Do I take the ln of both sides? then what? :confused: - Jun 2nd 2006, 12:32 AMTD!
I don't see two sides, but getting a logarithm in there would be handy :)

$\displaystyle

\mathop {\lim }\limits_{x \to 0} \left( {\left( {\frac{{\sin x}}{x}} \right)^{x^{ - 2} } } \right) = \mathop {\lim }\limits_{x \to 0} \left( {\exp \left( {\log \left( {\left( {\frac{{\sin x}}{x}} \right)^{x^{ - 2} } } \right)} \right)} \right)

$

Now we can use a propertie of log to get the exponent up front, the limit can be brought into the exponential. This gives:

$\displaystyle

\mathop {\lim }\limits_{x \to 0} \left( {\exp \left( {\log \left( {\left( {\frac{{\sin x}}{x}} \right)^{x^{ - 2} } } \right)} \right)} \right) = \exp \left( {\mathop {\lim }\limits_{x \to 0} \left( {\frac{{\log \left( {\frac{{\sin x}}{x}} \right)}}{{x^2 }}} \right)} \right)

$

Now you have the case 0/0, so you could apply L'Hopital's rule. One time won't be enough though, and it's not really a fun thing to do.
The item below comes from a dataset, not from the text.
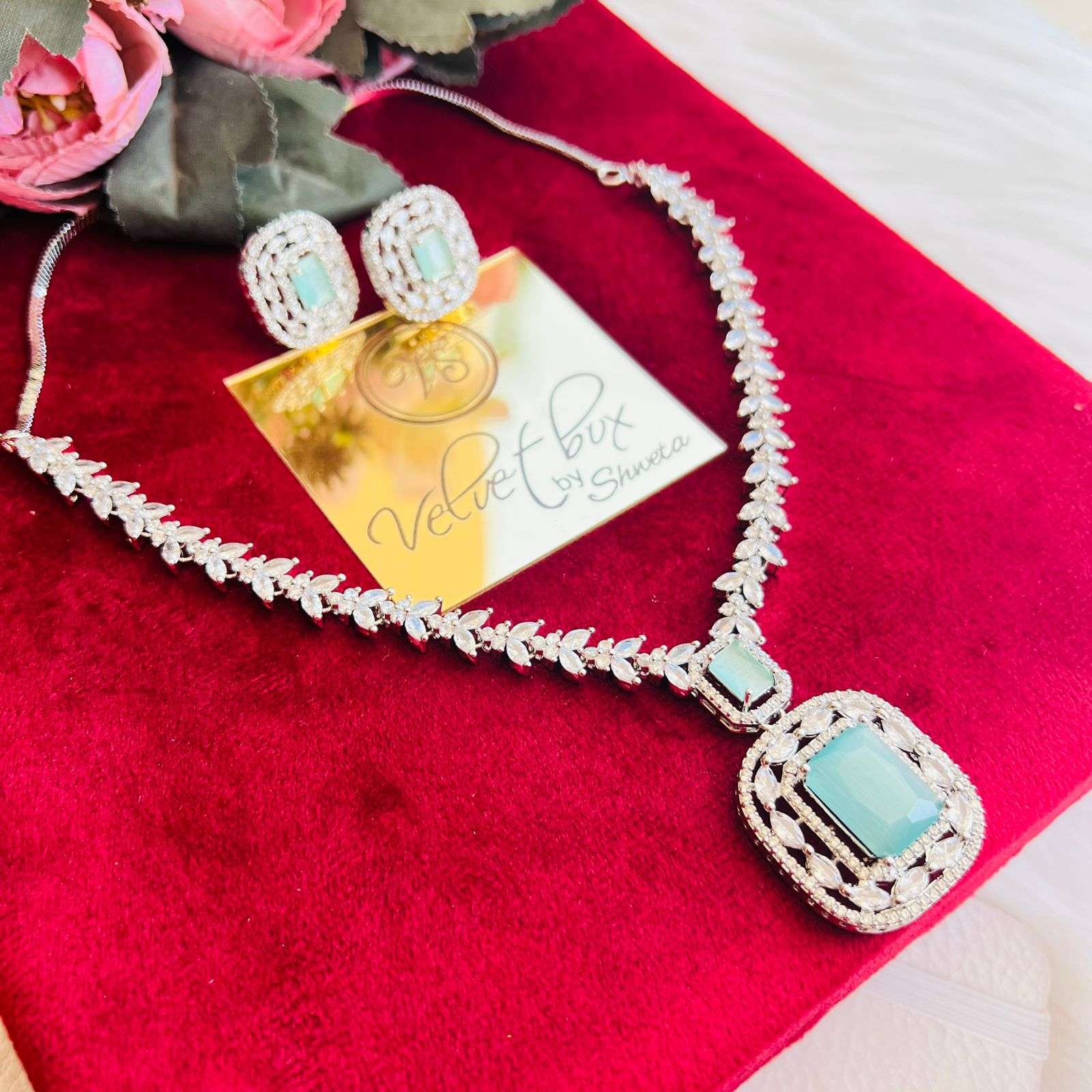 millie ad neckpiece velvet box by shweta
Perhaps easier and certainly as elegant is noticing that we're tending to 0. We could replace the expression with the logarithm with its second order Taylor expansion about 0. The Taylor expansion is:

$\displaystyle

\log \left( {\frac{{\sin x}}{x}} \right) = - \frac{{x^2 }}{6} - \frac{{x^4 }}{{180}} - \cdots

$

Now as said, we can take the second order term only, since the fourth can be neglected arround 0. This gives:

$\displaystyle

\exp \left( {\mathop {\lim }\limits_{x \to 0} \left( {\frac{{ - \frac{{x^2 }}{6}}}{{x^2 }}} \right)} \right) = \exp \left( {\mathop {\lim }\limits_{x \to 0} \left( { - \frac{1}{6}} \right)} \right) = \exp \left( { - \frac{1}{6}} \right) = e^{ - \frac{1}{6}}

$